Restate the records below word for word, leaving nothing out.

---------- Recorded data

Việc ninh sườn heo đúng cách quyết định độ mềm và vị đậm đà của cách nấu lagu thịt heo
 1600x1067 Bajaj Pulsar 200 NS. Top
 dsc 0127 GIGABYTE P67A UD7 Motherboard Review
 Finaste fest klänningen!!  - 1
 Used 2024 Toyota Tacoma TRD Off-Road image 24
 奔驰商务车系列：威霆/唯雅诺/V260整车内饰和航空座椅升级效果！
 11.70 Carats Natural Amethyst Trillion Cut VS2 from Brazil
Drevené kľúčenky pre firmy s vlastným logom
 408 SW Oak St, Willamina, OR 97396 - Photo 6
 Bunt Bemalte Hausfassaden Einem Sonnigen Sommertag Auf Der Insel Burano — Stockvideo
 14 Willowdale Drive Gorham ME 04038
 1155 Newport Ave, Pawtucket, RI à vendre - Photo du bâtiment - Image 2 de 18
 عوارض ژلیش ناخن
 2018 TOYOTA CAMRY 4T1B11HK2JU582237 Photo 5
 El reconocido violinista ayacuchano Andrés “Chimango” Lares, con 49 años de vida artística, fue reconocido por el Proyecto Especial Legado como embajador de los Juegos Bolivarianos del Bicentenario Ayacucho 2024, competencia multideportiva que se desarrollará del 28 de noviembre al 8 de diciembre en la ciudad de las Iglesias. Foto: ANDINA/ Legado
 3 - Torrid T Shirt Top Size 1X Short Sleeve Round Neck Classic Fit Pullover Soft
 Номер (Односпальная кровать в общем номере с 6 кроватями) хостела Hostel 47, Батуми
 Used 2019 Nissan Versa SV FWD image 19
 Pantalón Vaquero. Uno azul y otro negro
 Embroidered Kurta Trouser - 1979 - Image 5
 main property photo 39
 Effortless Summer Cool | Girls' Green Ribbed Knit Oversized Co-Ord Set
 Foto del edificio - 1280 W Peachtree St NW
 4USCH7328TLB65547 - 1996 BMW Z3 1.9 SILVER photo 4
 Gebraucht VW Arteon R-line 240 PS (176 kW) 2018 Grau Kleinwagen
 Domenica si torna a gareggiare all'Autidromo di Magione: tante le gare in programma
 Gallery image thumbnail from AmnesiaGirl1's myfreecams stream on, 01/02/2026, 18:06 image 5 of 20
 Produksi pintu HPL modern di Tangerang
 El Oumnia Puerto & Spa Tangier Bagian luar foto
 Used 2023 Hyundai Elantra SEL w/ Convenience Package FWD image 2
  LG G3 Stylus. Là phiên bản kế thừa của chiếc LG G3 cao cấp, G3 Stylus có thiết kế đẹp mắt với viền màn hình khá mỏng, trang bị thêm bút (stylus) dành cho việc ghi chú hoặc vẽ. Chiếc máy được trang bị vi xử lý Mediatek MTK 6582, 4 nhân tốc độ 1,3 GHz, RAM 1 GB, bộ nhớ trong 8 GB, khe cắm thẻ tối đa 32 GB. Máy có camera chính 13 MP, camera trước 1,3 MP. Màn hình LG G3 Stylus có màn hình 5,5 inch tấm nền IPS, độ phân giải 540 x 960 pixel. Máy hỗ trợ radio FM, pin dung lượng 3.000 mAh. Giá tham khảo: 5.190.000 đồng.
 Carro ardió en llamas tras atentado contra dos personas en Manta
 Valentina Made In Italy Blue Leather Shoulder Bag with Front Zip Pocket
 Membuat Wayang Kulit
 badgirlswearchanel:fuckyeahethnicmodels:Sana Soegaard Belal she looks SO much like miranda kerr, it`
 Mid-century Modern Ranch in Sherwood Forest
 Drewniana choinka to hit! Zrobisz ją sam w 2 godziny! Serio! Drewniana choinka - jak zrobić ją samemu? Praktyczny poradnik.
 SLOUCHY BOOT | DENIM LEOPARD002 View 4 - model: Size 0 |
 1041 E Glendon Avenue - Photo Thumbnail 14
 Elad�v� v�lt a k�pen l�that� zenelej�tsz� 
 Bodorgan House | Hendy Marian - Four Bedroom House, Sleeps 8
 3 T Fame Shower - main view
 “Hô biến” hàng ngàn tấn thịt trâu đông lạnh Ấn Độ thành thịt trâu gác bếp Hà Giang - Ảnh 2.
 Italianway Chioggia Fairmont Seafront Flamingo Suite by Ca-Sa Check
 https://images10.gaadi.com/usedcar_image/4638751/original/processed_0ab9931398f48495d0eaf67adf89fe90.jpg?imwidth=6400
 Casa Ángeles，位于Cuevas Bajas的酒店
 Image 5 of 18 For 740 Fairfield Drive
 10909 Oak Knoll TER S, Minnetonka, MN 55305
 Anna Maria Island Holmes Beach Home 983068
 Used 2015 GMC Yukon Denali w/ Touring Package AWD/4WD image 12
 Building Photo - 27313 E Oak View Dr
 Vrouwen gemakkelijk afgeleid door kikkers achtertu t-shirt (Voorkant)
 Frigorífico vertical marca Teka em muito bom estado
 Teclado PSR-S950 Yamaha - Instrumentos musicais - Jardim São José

--------------------

▸ **Final answer**:
Việc ninh sườn heo đúng cách quyết định độ mềm và vị đậm đà của cách nấu lagu thịt heo
 1600x1067 Bajaj Pulsar 200 NS. Top
 dsc 0127 GIGABYTE P67A UD7 Motherboard Review
 Finaste fest klänningen!!  - 1
 Used 2024 Toyota Tacoma TRD Off-Road image 24
 奔驰商务车系列：威霆/唯雅诺/V260整车内饰和航空座椅升级效果！
 11.70 Carats Natural Amethyst Trillion Cut VS2 from Brazil
Drevené kľúčenky pre firmy s vlastným logom
 408 SW Oak St, Willamina, OR 97396 - Photo 6
 Bunt Bemalte Hausfassaden Einem Sonnigen Sommertag Auf Der Insel Burano — Stockvideo
 14 Willowdale Drive Gorham ME 04038
 1155 Newport Ave, Pawtucket, RI à vendre - Photo du bâtiment - Image 2 de 18
 عوارض ژلیش ناخن
 2018 TOYOTA CAMRY 4T1B11HK2JU582237 Photo 5
 El reconocido violinista ayacuchano Andrés “Chimango” Lares, con 49 años de vida artística, fue reconocido por el Proyecto Especial Legado como embajador de los Juegos Bolivarianos del Bicentenario Ayacucho 2024, competencia multideportiva que se desarrollará del 28 de noviembre al 8 de diciembre en la ciudad de las Iglesias. Foto: ANDINA/ Legado
 3 - Torrid T Shirt Top Size 1X Short Sleeve Round Neck Classic Fit Pullover Soft
 Номер (Односпальная кровать в общем номере с 6 кроватями) хостела Hostel 47, Батуми
 Used 2019 Nissan Versa SV FWD image 19
 Pantalón Vaquero. Uno azul y otro negro
 Embroidered Kurta Trouser - 1979 - Image 5
 main property photo 39
 Effortless Summer Cool | Girls' Green Ribbed Knit Oversized Co-Ord Set
 Foto del edificio - 1280 W Peachtree St NW
 4USCH7328TLB65547 - 1996 BMW Z3 1.9 SILVER photo 4
 Gebraucht VW Arteon R-line 240 PS (176 kW) 2018 Grau Kleinwagen
 Domenica si torna a gareggiare all'Autidromo di Magione: tante le gare in programma
 Gallery image thumbnail from AmnesiaGirl1's myfreecams stream on, 01/02/2026, 18:06 image 5 of 20
 Produksi pintu HPL modern di Tangerang
 El Oumnia Puerto & Spa Tangier Bagian luar foto
 Used 2023 Hyundai Elantra SEL w/ Convenience Package FWD image 2
  LG G3 Stylus. Là phiên bản kế thừa của chiếc LG G3 cao cấp, G3 Stylus có thiết kế đẹp mắt với viền màn hình khá mỏng, trang bị thêm bút (stylus) dành cho việc ghi chú hoặc vẽ. Chiếc máy được trang bị vi xử lý Mediatek MTK 6582, 4 nhân tốc độ 1,3 GHz, RAM 1 GB, bộ nhớ trong 8 GB, khe cắm thẻ tối đa 32 GB. Máy có camera chính 13 MP, camera trước 1,3 MP. Màn hình LG G3 Stylus có màn hình 5,5 inch tấm nền IPS, độ phân giải 540 x 960 pixel. Máy hỗ trợ radio FM, pin dung lượng 3.000 mAh. Giá tham khảo: 5.190.000 đồng.
 Carro ardió en llamas tras atentado contra dos personas en Manta
 Valentina Made In Italy Blue Leather Shoulder Bag with Front Zip Pocket
 Membuat Wayang Kulit
 badgirlswearchanel:fuckyeahethnicmodels:Sana Soegaard Belal she looks SO much like miranda kerr, it`
 Mid-century Modern Ranch in Sherwood Forest
 Drewniana choinka to hit! Zrobisz ją sam w 2 godziny! Serio! Drewniana choinka - jak zrobić ją samemu? Praktyczny poradnik.
 SLOUCHY BOOT | DENIM LEOPARD002 View 4 - model: Size 0 |
 1041 E Glendon Avenue - Photo Thumbnail 14
 Elad�v� v�lt a k�pen l�that� zenelej�tsz� 
 Bodorgan House | Hendy Marian - Four Bedroom House, Sleeps 8
 3 T Fame Shower - main view
 “Hô biến” hàng ngàn tấn thịt trâu đông lạnh Ấn Độ thành thịt trâu gác bếp Hà Giang - Ảnh 2.
 Italianway Chioggia Fairmont Seafront Flamingo Suite by Ca-Sa Check
 https://images10.gaadi.com/usedcar_image/4638751/original/processed_0ab9931398f48495d0eaf67adf89fe90.jpg?imwidth=6400
 Casa Ángeles，位于Cuevas Bajas的酒店
 Image 5 of 18 For 740 Fairfield Drive
 10909 Oak Knoll TER S, Minnetonka, MN 55305
 Anna Maria Island Holmes Beach Home 983068
 Used 2015 GMC Yukon Denali w/ Touring Package AWD/4WD image 12
 Building Photo - 27313 E Oak View Dr
 Vrouwen gemakkelijk afgeleid door kikkers achtertu t-shirt (Voorkant)
 Frigorífico vertical marca Teka em muito bom estado
 Teclado PSR-S950 Yamaha - Instrumentos musicais - Jardim São José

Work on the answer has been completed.